Bitcoin is currently navigating through a symmetrical triangle formation, hovering without a definitive direction. After a bounce from the triangle's lower edge near $64,500, the momentum is expected to propel us toward a recent peak of $72,000. With the ETF market witnessing solid inflows and the looming supply shock anticipated by the market, a breakout above this pattern, leading to new all-time highs, seems likely in the near term.

In terms of ETF movements, the scene remains bullish with net inflows hitting $213.4 million, while Grayscale's outflows were comparatively modest at $79.3 million.

The ETH/BTC ratio, an indicator often associated with altcoin market leadership when on the rise, is teasing recent low levels. This underperformance by ETH could hint at a growing cautious sentiment and a dampening enthusiasm for altcoins.

March saw a remarkable surge in trading volumes, with spot trading on centralized exchanges jumping 108% to $2.94 trillion – the highest since May 2021 and marking the sixth consecutive monthly rise. Derivatives trading volumes also soared by 86.5% to a record $6.18 trillion, though their share of the total crypto market dipped slightly to 67.8% from February's 70.1%, the lowest since December 2022.

In the broader financial market, equity futures edged up slightly following a significant drop in the S&P 500, marking its largest one-day decline since February 13th. All eyes were on the jobs data, which significantly surpassed expectations and highlighted a robust and enduring labor market. The reported increase of 303,000 nonfarm payrolls in March, outstripping the 212,000 forecast, and a dip in the unemployment rate to 3.8% underscore the market's resilience but also complicate the prospects for rate cuts.
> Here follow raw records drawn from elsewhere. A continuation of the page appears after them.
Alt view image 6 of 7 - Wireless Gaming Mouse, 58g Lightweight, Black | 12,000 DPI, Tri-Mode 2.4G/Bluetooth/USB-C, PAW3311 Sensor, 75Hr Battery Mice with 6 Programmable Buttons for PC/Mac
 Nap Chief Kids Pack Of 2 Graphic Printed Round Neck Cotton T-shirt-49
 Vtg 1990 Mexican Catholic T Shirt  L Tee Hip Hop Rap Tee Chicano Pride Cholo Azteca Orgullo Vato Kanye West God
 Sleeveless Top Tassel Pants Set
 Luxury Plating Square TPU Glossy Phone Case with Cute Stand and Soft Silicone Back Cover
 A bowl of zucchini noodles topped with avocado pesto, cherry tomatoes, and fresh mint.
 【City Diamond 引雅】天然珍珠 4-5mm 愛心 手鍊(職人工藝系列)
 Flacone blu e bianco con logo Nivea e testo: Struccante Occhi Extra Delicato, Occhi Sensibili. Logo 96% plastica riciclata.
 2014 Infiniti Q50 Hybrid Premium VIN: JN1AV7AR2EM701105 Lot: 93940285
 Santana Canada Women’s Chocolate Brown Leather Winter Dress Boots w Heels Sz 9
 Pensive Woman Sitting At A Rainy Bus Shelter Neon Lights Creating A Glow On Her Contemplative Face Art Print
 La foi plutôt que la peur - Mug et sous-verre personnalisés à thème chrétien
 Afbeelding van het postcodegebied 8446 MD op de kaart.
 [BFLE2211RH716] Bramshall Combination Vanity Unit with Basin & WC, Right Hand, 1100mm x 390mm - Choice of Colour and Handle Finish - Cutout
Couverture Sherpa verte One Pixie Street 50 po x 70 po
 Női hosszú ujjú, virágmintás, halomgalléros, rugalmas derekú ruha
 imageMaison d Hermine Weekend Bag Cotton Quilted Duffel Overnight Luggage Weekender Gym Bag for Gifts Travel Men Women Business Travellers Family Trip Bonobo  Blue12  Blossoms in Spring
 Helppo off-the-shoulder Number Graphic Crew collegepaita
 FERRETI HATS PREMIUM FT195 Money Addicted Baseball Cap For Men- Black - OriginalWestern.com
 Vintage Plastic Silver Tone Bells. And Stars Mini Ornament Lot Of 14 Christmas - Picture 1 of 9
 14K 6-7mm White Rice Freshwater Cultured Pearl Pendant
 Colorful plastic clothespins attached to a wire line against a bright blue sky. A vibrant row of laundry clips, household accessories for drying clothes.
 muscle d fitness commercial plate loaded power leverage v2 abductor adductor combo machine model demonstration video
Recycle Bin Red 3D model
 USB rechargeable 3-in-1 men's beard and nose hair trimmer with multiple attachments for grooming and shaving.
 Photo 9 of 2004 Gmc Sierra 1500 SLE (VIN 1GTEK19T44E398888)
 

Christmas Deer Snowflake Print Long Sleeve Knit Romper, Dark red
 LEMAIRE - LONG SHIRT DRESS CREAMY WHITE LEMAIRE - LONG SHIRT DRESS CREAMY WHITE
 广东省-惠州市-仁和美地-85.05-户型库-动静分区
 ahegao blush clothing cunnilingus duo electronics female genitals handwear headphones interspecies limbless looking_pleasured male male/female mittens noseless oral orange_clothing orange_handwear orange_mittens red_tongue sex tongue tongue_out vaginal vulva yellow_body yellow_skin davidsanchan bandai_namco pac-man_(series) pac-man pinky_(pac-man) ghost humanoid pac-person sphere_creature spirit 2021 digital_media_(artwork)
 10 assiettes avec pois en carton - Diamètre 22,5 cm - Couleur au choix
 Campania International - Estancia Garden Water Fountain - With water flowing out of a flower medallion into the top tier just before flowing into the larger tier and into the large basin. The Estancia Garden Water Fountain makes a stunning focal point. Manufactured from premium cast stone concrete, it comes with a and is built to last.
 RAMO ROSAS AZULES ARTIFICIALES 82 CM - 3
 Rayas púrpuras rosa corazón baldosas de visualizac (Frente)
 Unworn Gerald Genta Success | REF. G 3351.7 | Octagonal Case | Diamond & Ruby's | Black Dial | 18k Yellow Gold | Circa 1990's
Neel Kashkari's comments on inflation and rate adjustments underscore a cautious stance towards easing monetary policy, especially without clear indications of inflation stabilizing. Although Kashkari’s influence in the Federal Open Market Committee is noted, his voting power won't come into play until 2026. Meanwhile, Fed Chair Jerome Powell's remarks earlier in the week reflect a careful approach to interest rate decisions, with the Fed taking its time to assess inflation trends fully, keeping the timeline for any potential rate cuts uncertain.